▶ TASK PROMPT
With the pictures removed, write out the data below exactly.

▶ GIVEN INFORMATION

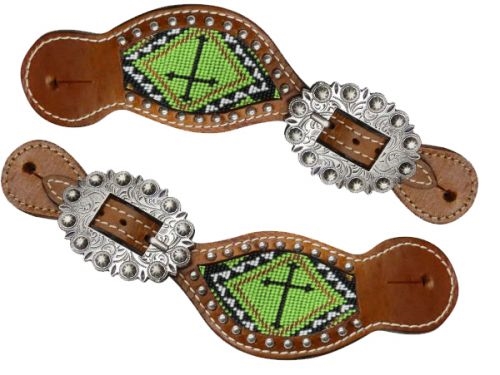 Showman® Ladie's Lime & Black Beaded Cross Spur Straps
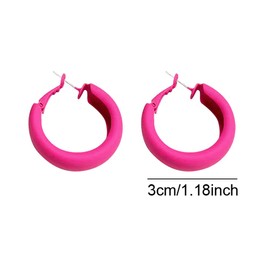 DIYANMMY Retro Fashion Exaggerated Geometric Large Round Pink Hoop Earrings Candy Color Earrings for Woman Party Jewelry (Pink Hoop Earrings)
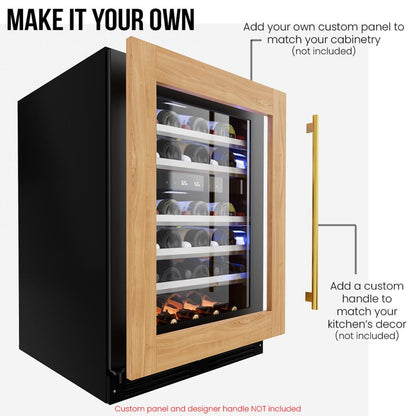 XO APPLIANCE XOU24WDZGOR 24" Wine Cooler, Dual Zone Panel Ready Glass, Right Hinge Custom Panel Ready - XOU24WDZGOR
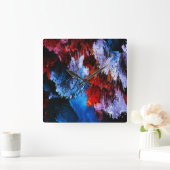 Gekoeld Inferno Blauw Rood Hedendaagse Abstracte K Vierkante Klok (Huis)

▶ OUTPUT OF THE EXERCISE
 Showman® Ladie's Lime & Black Beaded Cross Spur Straps
 DIYANMMY Retro Fashion Exaggerated Geometric Large Round Pink Hoop Earrings Candy Color Earrings for Woman Party Jewelry (Pink Hoop Earrings)
 XO APPLIANCE XOU24WDZGOR 24" Wine Cooler, Dual Zone Panel Ready Glass, Right Hinge Custom Panel Ready - XOU24WDZGOR
 Gekoeld Inferno Blauw Rood Hedendaagse Abstracte K Vierkante Klok (Huis)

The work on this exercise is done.